Yesterday, I played a game with her called the Two Toy Game that I learned about in my Fenzi online course called Loose Leash Walkers Anonymous. (The idea is to play with your dog before going on a walk so that she will have less energy for pulling on her leash and not walking with you.) Normally, you toss a toy, then the dog brings it back to you, then you reward the retrieve by tossing a second toy which is identical to the first, and so on. With Shama, however, I tossed one of her squirrels from her three squirrels in a log toy, and she didn't even look at it. I had to click/treat first for her looking at it, then for her nosing it, then eventually for her tossing it in the air. Eventually, I'll try to click/treat for her actually bringing it to me, but we're not there yet.

I asked DH to film us so that I'd be able to show a dog trainer friend the progress we'd made in a pretty short time, and, of course, Shama wouldn't do what she'd been doing once he prepared to record. Here is a link to what she did do, however, which was go berserk playing with the toy! At the end, she comes over to me to sit as if to say, "Now what should we do, Mom?"

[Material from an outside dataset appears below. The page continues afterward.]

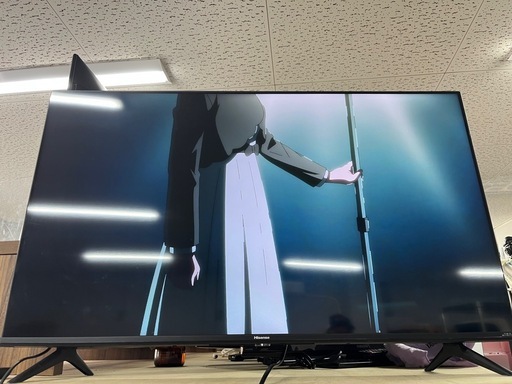 【✨スマートTV✨】ハイセンス液晶テレビ43型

Also, on the left-hand side, you can see her Valentine's Day dress hanging. I suppose I should put that away, but it's so cute ... (Hey! Why not use this opportunity to repost her Valentine's Day 2020 photos?)

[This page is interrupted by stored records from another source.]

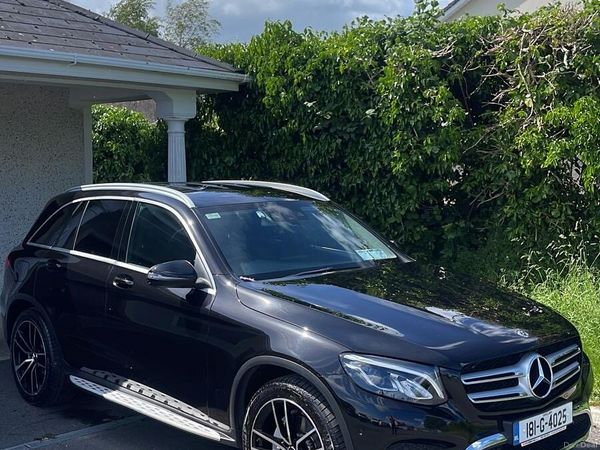 Mercedes-Benz GLC SUV, Diesel, 2018, Black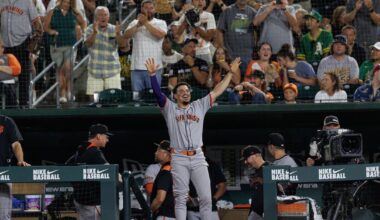 MLB scores: Willy Adames fuels Giants again in 6-2 win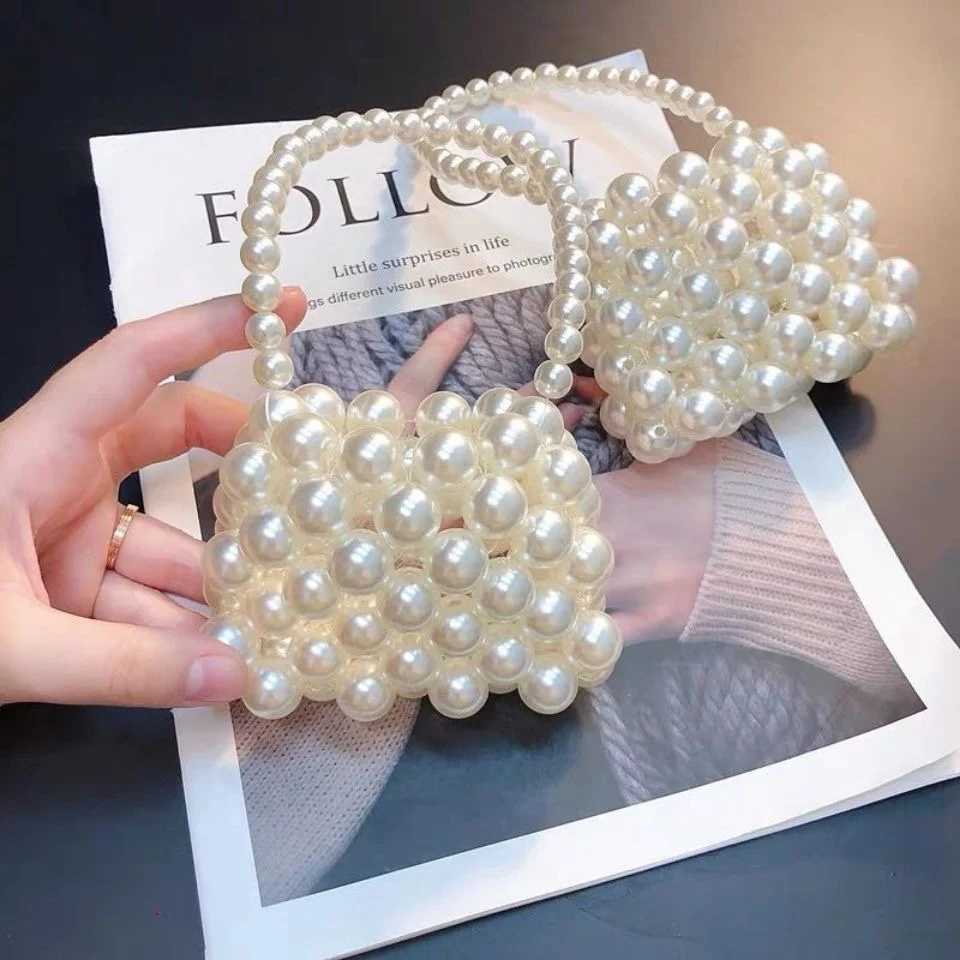 Little Girl Mini Wallet Cute Pearl Cross Body Bag Childrens Coin Bag Wallet Handbag Kavay Baby Accessories Bag W240813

https://drive.google.com/open?id=1UTR8i1jZIsSaS7cn4MAObyvcKUw5cShM

Please advise as to whether or not the link to the video works. Thanks!


----------



## Dexter and Reia’s mom (Feb 20, 2020)

I don’t have any words of wisdom but I wanted to tell you how much I enjoyed the video and the pictures! She’s so cute!


----------



## EvaE1izabeth (Nov 14, 2017)

I love it! That was fun to watch.


----------